To do → Copy exactly, beginning with the line holding "Gasse in der" and ending with the final line of the data beneath this task; copy nothing else, and leave out every picture.

Collected data →
* * *

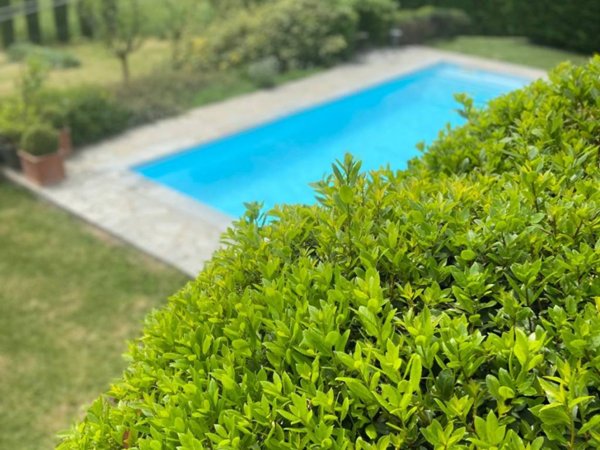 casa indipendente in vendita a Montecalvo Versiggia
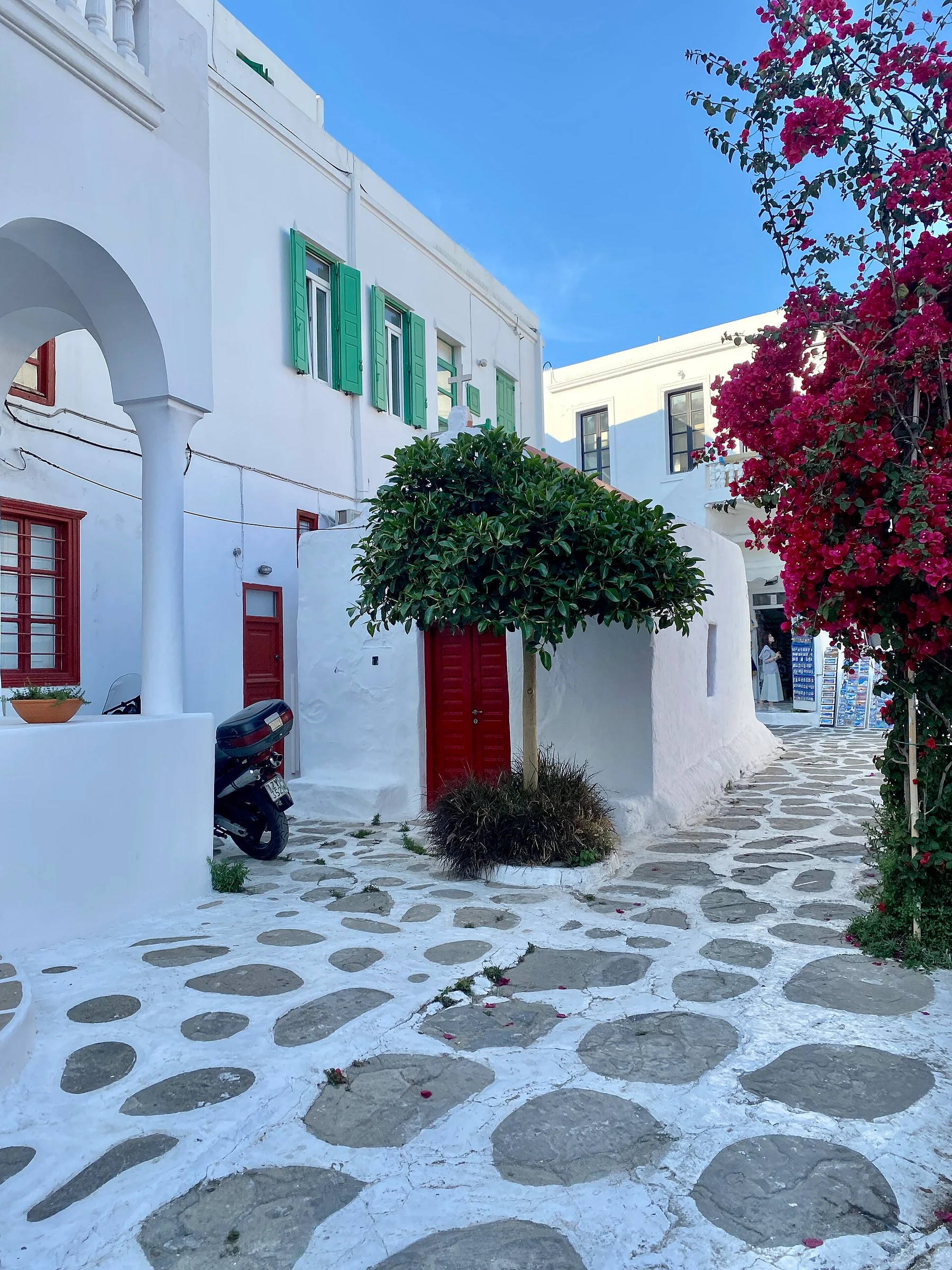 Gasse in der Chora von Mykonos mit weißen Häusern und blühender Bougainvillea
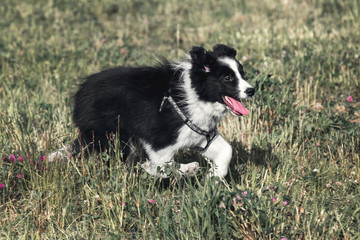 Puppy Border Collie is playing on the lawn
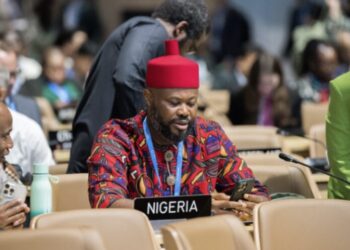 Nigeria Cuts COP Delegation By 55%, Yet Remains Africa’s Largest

* * *

Exercise result →
 Gasse in der Chora von Mykonos mit weißen Häusern und blühender Bougainvillea
 Puppy Border Collie is playing on the lawn
 Nigeria Cuts COP Delegation By 55%, Yet Remains Africa’s Largest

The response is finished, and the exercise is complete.